According to the guidelines for setting up Captive Non-Public Networks (CNPNs) issued by the Department of Telecommunications (DoT) on Monday evening, entities applying for spectrum must have a minimum net worth of Rs 100 crore. The applicant must be registered under company law and be “occupier of the geographical area/property on which he intends to set up the CNPN”. A private 5G captive network runs on mobile broadband technology and is set up by a private entity for use by a single organization. It is similar to a captive coal mine.
In order to obtain spectrum directly from the government, the DoT will undertake demand studies and then seek recommendations from the Telecommunications Regulatory Authority of India (TRAI) for the direct allocation of spectrum to these companies.
Spectrum rental rules
DoT officials said this process could take one to two years.
In the meantime, companies that wish to set up their own captive private 5G networks should obtain leased spectrum from carriers or ask telecom operators to set up the networks for them.
The DoT also released amendments to the Unified License and Unified Access Service License on Monday, allowing telecom operators to lease spectrum from CNPN licensees.
It also issued spectrum leasing rules, which allowed telecom operators to lease IMT (5G) spectrum auctioned to CNPN licensees. “In such a case, the telecommunications service provider must submit the details of the spectrum band, the quantum of spectrum, the rental period, the geographical area, the geographical coordinates of the logical perimeter of the defined premises and the use of spectrum on the Saral Sanchar portal within 15 days of the conclusion of the agreement,” the guidelines state.
The guidelines also specified that revenue from spectrum rental must be part of a telephone company’s gross revenue. Gross revenues are used to calculate a telephone company’s license and spectrum usage fees it pays to the government.
TV Ramachandran, chairman of the Broadband India Forum (BIF), said the Rs 100 crore net worth test “is a real drag” that would hamper the massive proliferation of captive 5G networks.
“We hope that the DoT will reconsider this proposal, because if implemented in its current form, only a few large tech companies would meet the Rs 100 crore net worth criteria while many other equally capable, scientific institutions known to tech startups, would ‘benefit from being eligible for direct 5G spectrum awards,’ Ramachandran told ET.
The BIF Chairman, however, welcomed the DoT’s decision not to charge independent companies any licensing/entrance fees for setting up 5G captive networks, saying the move was in line with Trai’s recommendations and the decision of the Cabinet on captive networks.
BIF’s membership includes technology companies such as Tata Consultancy Services, Cisco, Amazon, Google, Microsoft, Facebook owner Meta, Qualcomm and Intel.
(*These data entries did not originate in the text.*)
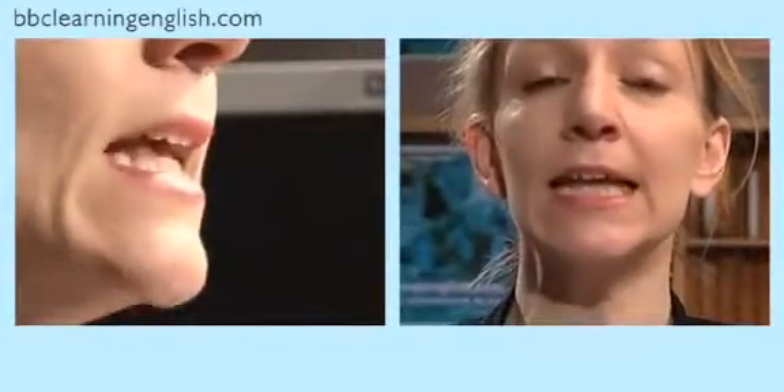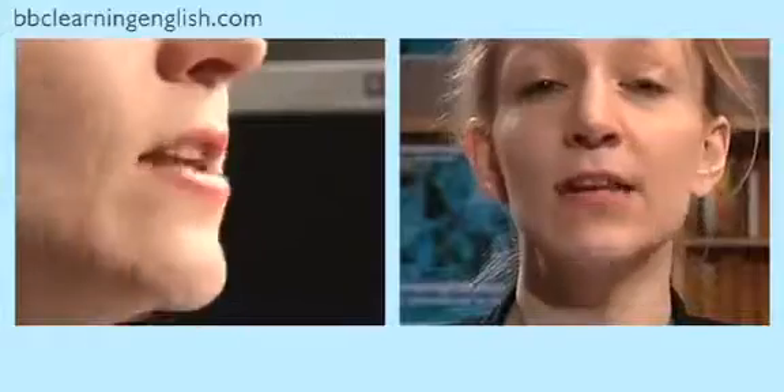This is a voiceless sound. You can hear it at the beginning of the words 'pack' and 'pan', in the middle of the words 'copy' and 'happen', and at the end of the word 'hop'. Also at the beginning and end of the word 'pop'.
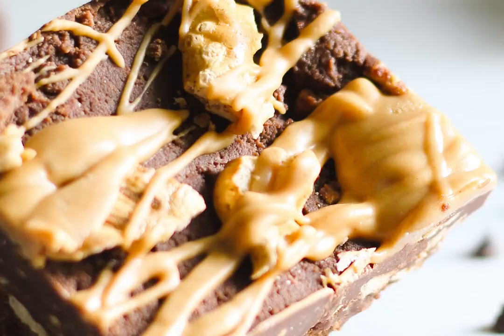Put it in the fridge and let it set for a few hours before you take it out to cut it. You can let them sit at room temperature for a few minutes to soften up if you like.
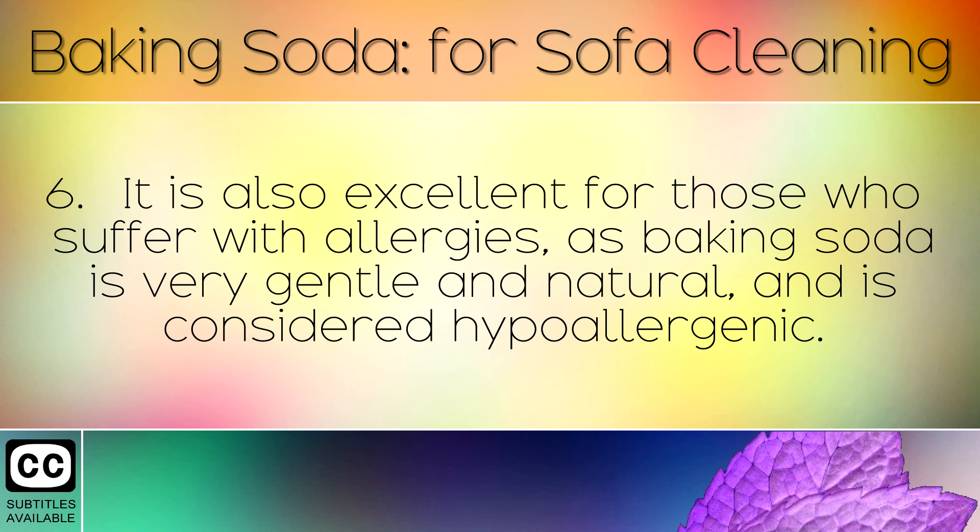It is also excellent for those who suffer with allergies, as baking soda is very gentle and natural, and is considered hypoallergenic.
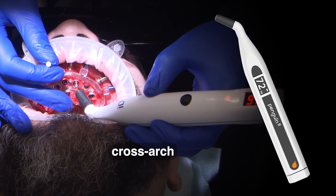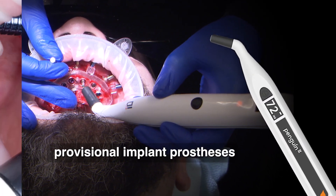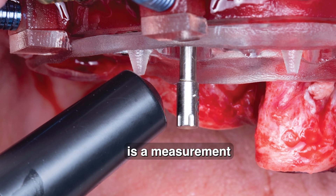The acceptable stability range for cross-arch immediate loading with a provisional implant prosthesis is a measurement somewhere between 55 and 85.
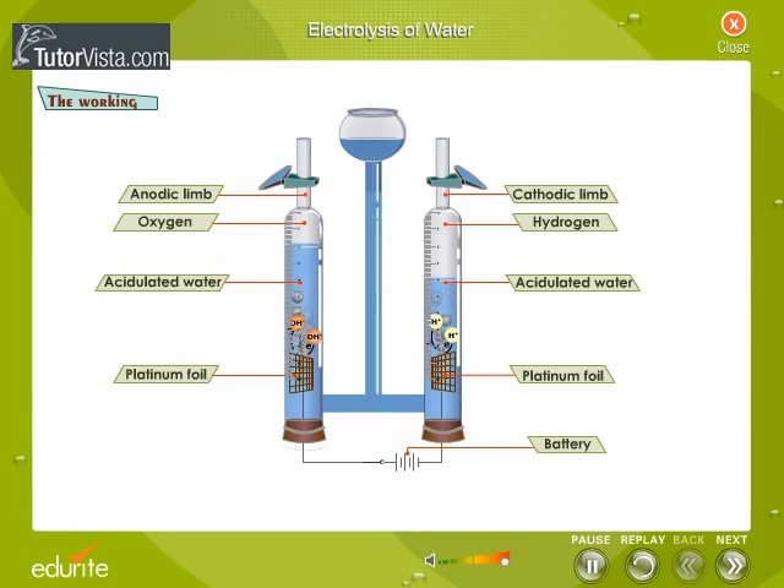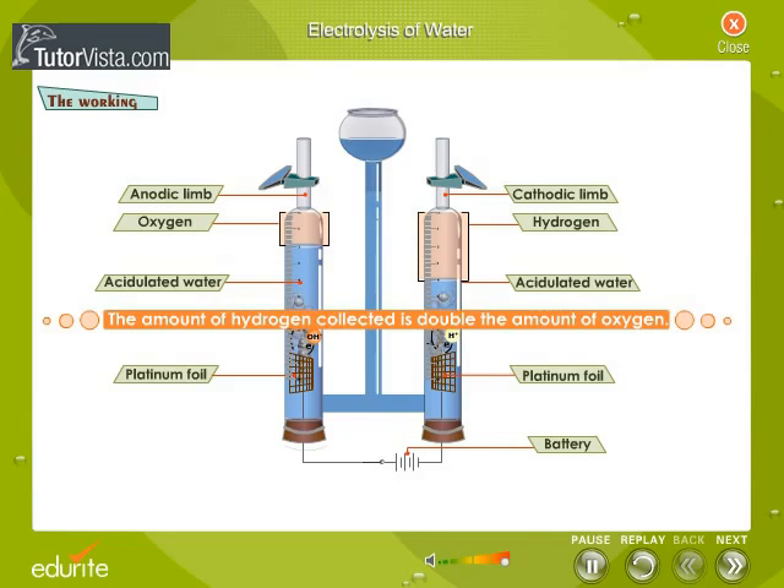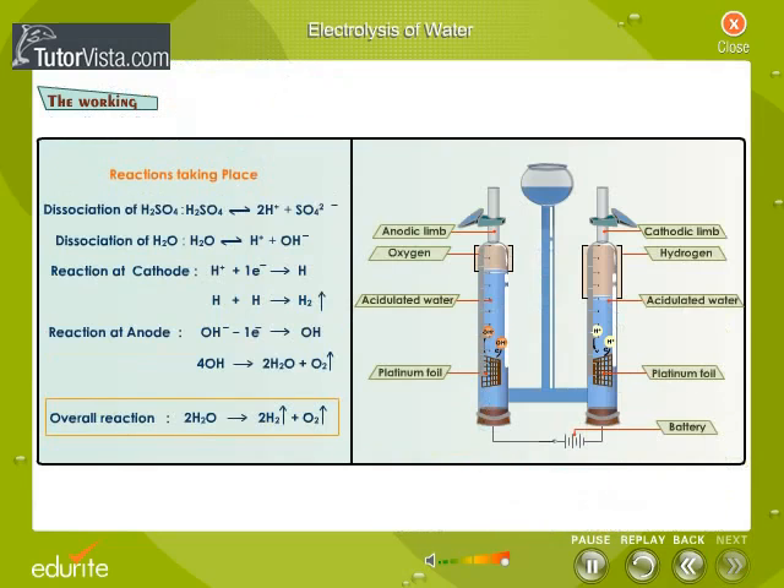Observe the amount of products — oxygen and hydrogen — collected in the limbs of the voltometer. The amount of hydrogen collected is double the amount of oxygen. Listed here are the reactions that take place during the process of electrolysis.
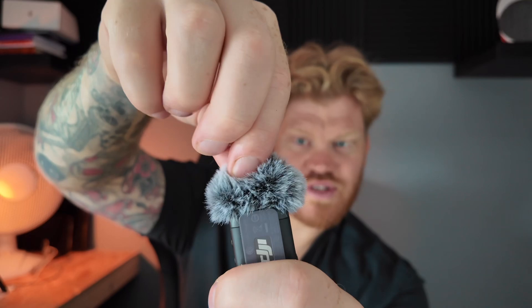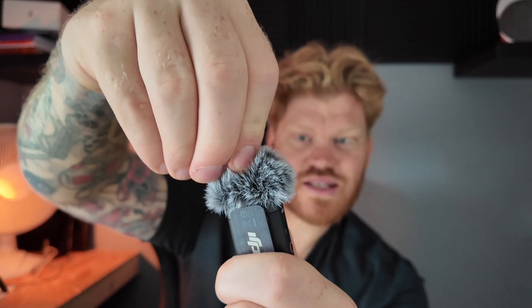You can connect this to your shirt using the little clip, or it has a magnet so you can clip it wherever you need — even behind a shirt. It comes with a dead cat windscreen which is removable, so in windy conditions you use it, and if not you can take it off.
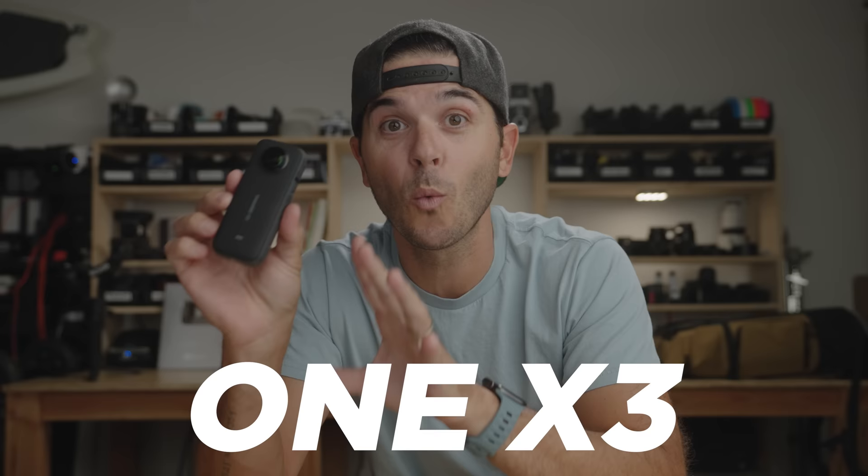This right here is the Insta360 One X, the camera that got me into 360 action cameras, and this is the Insta360 One X2, my very favorite action camera of all time. But today we are taking a look at the brand new Insta360 X3 — they got rid of the 'One' in the name.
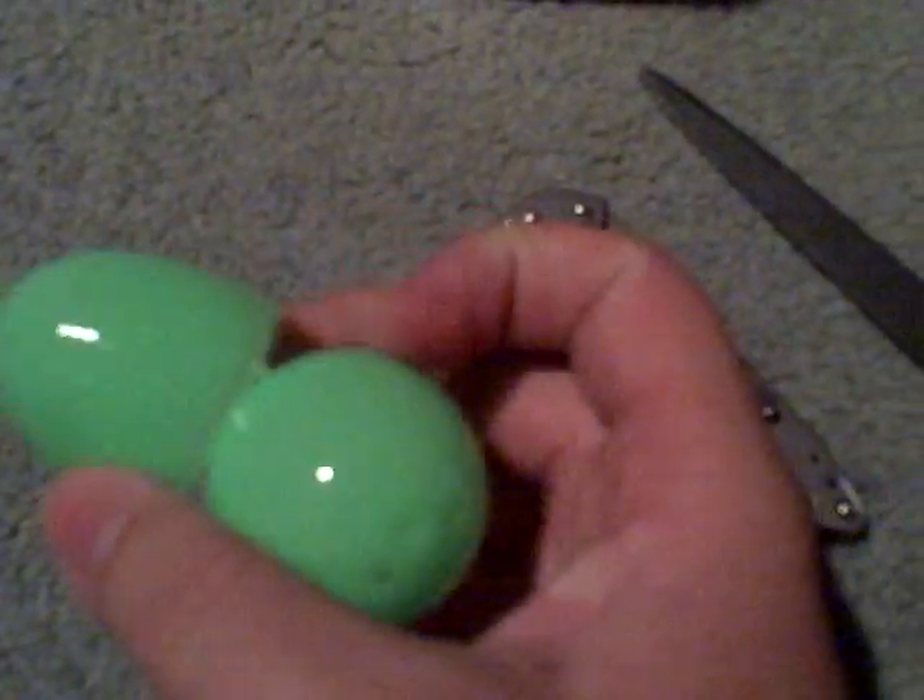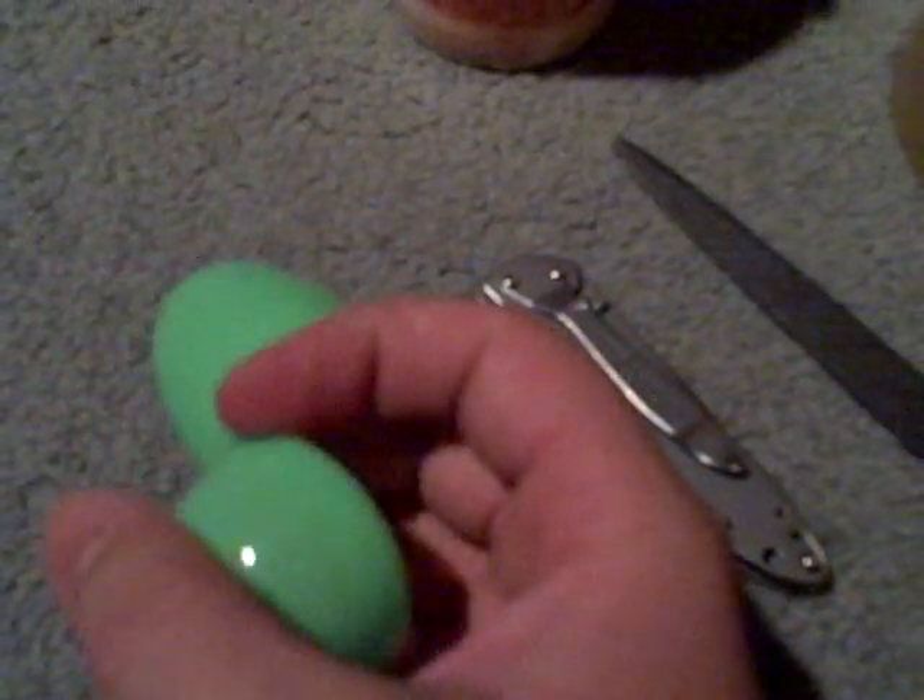First thing you're going to want to do is take the Easter egg, and if it's got this little attachable thing right there, break that off. We're only going to use the smaller half — not the bigger, taller one. Just throw that aside.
The guidelines come amid a tug of war between telecom operators and tech companies over control of 5G spectrum to be used for CNPNs. Telecom operators are concerned that access to spectrum without auctions could allow technology companies to offer 5G services similar to those that operators would offer to businesses at a much lower cost.
Telcos lamented the DoT’s decision not to charge independent companies any licensing/entry fees.
“Basically, the government has paved the way for the administrative allocation of 5G spectrum to big tech companies that can easily meet the Rs 100 crore net worth criteria, which is grossly unfair as it expects operators telecom companies, on the contrary, are buying up those coveted airwaves by spending billions on the next auction,” said a senior executive at a Big 3 Telco.
He said this proposal “is tantamount to subsidizing big tech companies, as they will get higher quality spectrum by paying a nominal processing fee, while telecom operators will have to bid for expensive spectrum and pass on the higher costs to the consumer, which will ultimately make 5G unaffordable for the masses.”
Under DoT guidelines, companies may establish an isolated CNPN “inside/inside the premises” for their own use. The CNPN license may not be used for commercial telecommunications or connect the captive user’s network to public networks in any way.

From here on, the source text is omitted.